Además, se rompió el techo de cristal. La verdadera reivindicación del feminismo, el triunfo sobre la falocracia, no solo se materializó, sino que se institucionalizó. Estamos ante un evento histórico: una mujer que no hereda el poder, que no se convierte en figura simbólica decorativa, sino que se erige como mandataria por la voluntad popular. La emancipación es total. Lo demás son hipótesis, interpretaciones. Teorías.
La continuidad o ruptura no deberían ser materia de debate. Mucho menos en un contexto de catástrofes naturales convergiendo con el flagelo de la inseguridad. Los hechos deberían importar más que las etiquetas. El ruido ya no debe ser tomado en serio. Este es otro gobierno. Mientras que en el sexenio de Andrés Manuel López Obrador el escándalo era nutriente para la mitocracia, ahora el silencio y las palabras adecuadas se imponen. No más sonido que el necesario. La austeridad, en esta ocasión, no es de recursos, sino de palabras.
Es claro que algunos eslóganes del lopezobradorismo se repiten, pero eso no quiere decir que el obradorato siga. Hay un nuevo mensaje en lo que parece ser el mismo discurso. No podemos olvidar algo fundamental: la verdadera deuda de la presidenta no es con López Obrador. No. Es con sus electores. Y da la casualidad que muchos de ellos son obradoristas. Por eso, en las formas, debe haber tintes selváticos, porque no puede ser ingrata con los sufragios que la erigieron como tal. Fueron los votos y no el expresidente los que le dieron la legitimidad y el cargo.
Aquí radica la diferencia fundamental. López Obrador construyó un mito de sí mismo como líder insustituible. Claudia no busca sustituirlo, sino trascenderlo. El obradorismo no muere, pero sí se transforma. La lealtad al proyecto original no implica sumisión. Por eso, Claudia responde a los votantes, a quienes confían en ella para dar continuidad, pero también para corregir. Responde repitiendo algunos mantras de los humedales, aquellos que alimentaron la esperanza de muchos y que siguen siendo necesarios para sostener la estructura.

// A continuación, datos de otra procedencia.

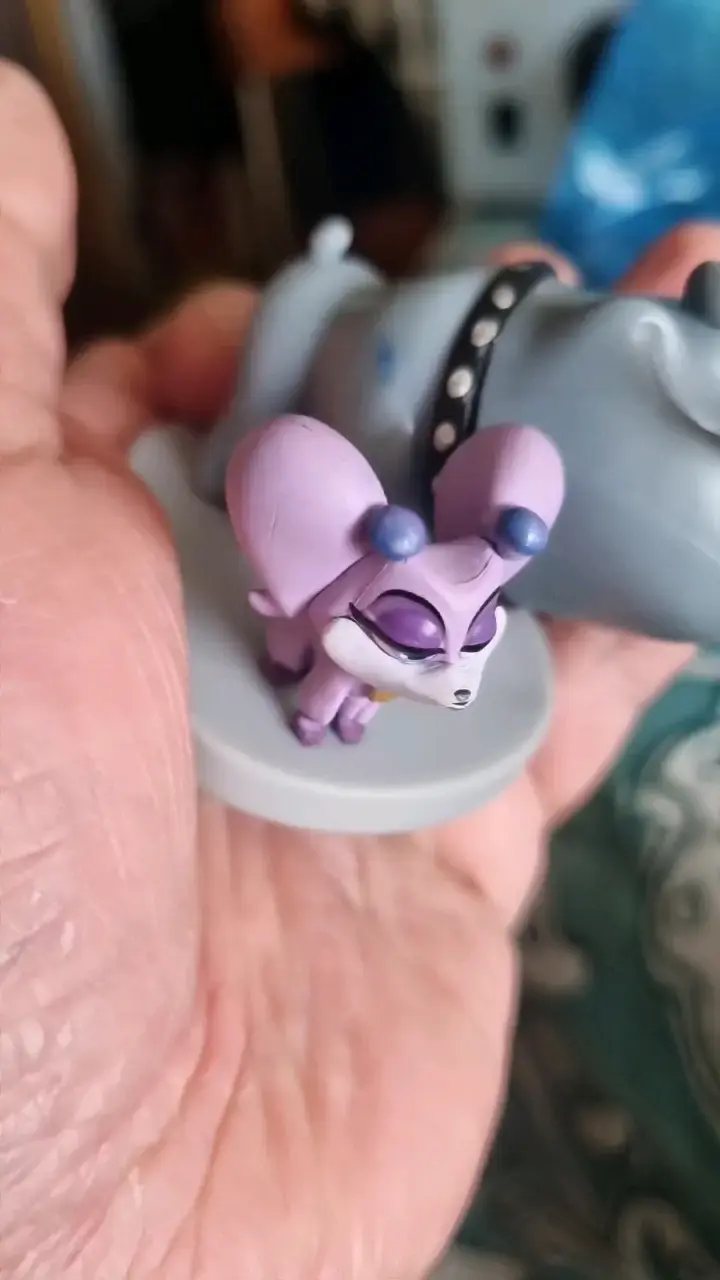 Figura de colección Disney Store Vietnam - 2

Van dos días de gobierno. Y fuera de la cacofonía del pejismo jubilado, se respiran aires de progreso y esperanza. Aires que no dependen de la vieja narrativa de la confrontación y el linchamiento verbal, sino de la mesura. La prudencia es la nueva bandera. El verdadero cambio no se verá en los lemas, sino en la disposición al diálogo, en la construcción de políticas que tomen en cuenta el contexto complejo del país, en el entendimiento de que la responsabilidad ahora es otra.

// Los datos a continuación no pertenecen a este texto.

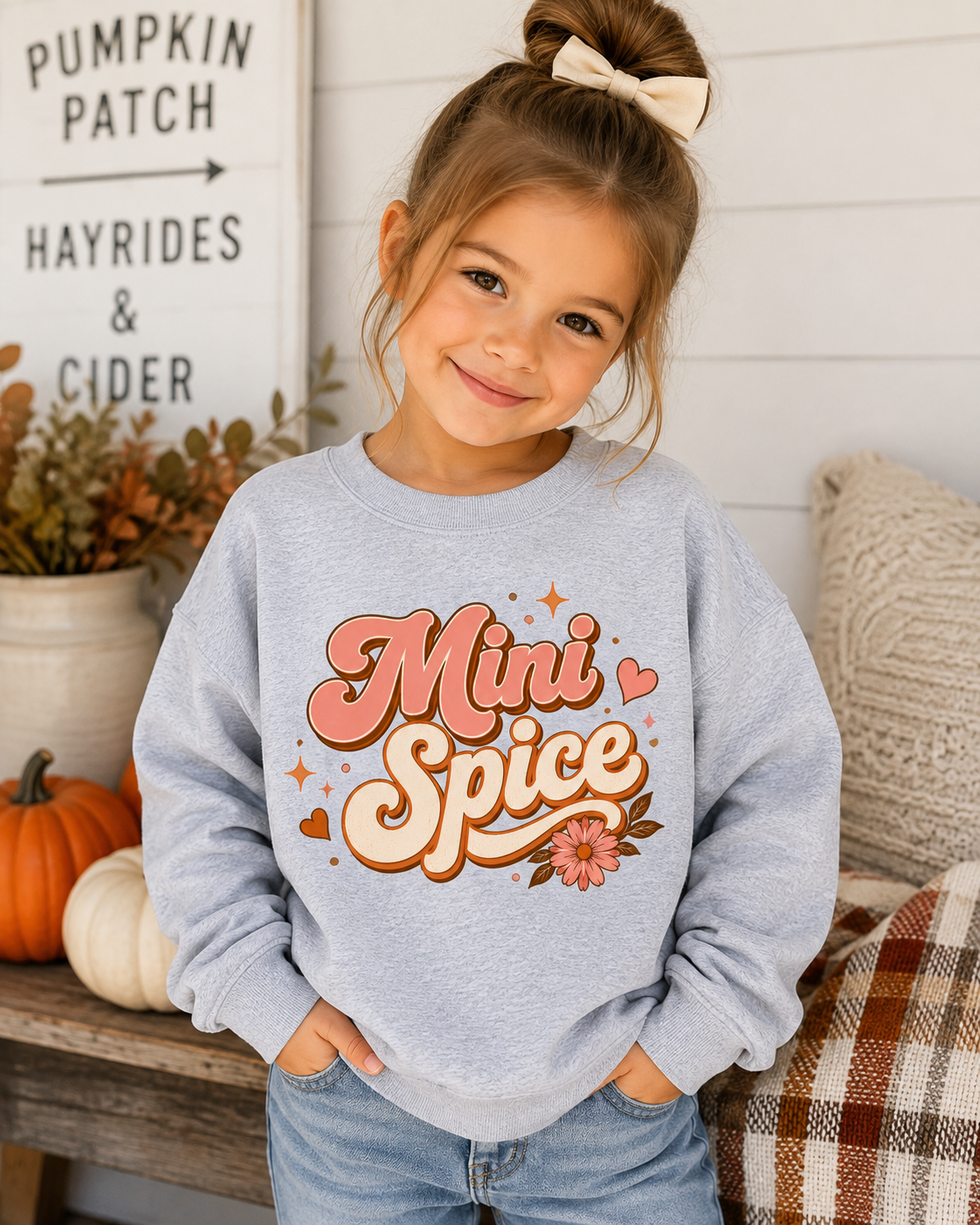 Mini Spice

Mientras que antes el escándalo era el sustento de una narrativa mitológica que descalificaba a los adversarios para legitimarse, ahora hay espacio para algo más: la reconciliación. No se trata de borrar el pasado, ni de traicionar a quienes lucharon por el cambio, sino de entender que hay un momento para la confrontación y otro para la construcción.

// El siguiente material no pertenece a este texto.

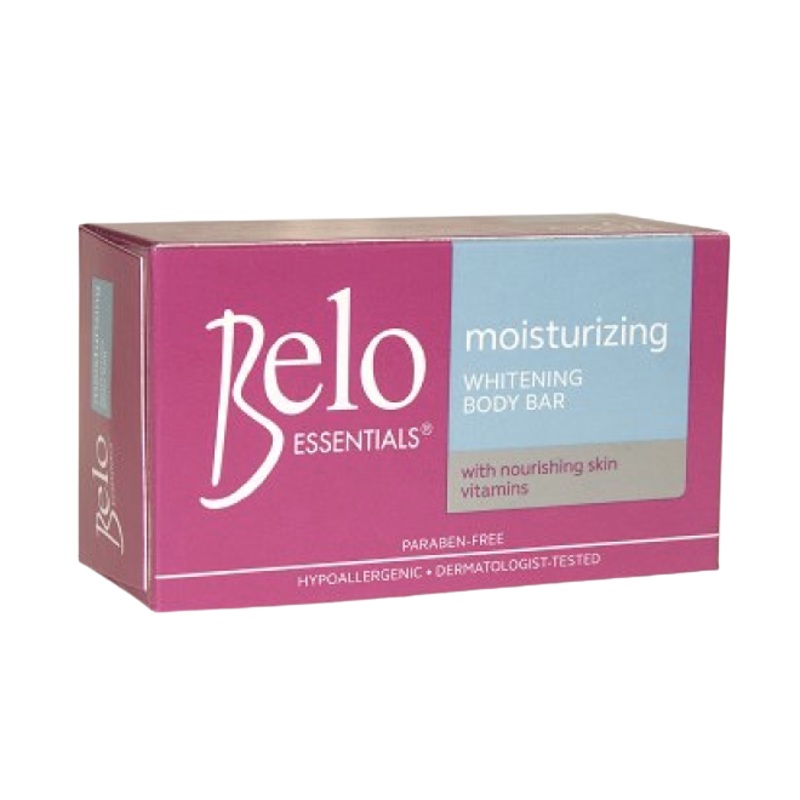 Belo Moisturizing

Es por eso que debemos confiar en Claudia. Porque su deuda no es con el ruido, ni con los ecos de quien ya se ha retirado del centro del escenario. Su deuda es con México. Con todos los mexicanos; que hoy la mayoría pide otra cosa. Pide progreso, pide paz. Y en estos primeros días, a pesar del eco de voces que se resisten al cambio, la sensación predominante es de esperanza. La esperanza de que, finalmente, podamos hablar de un país donde no haya más ruido que el necesario, donde el poder se ejerza con responsabilidad y donde la verdadera transformación sea tangible, sin más mitos que el del trabajo bien hecho.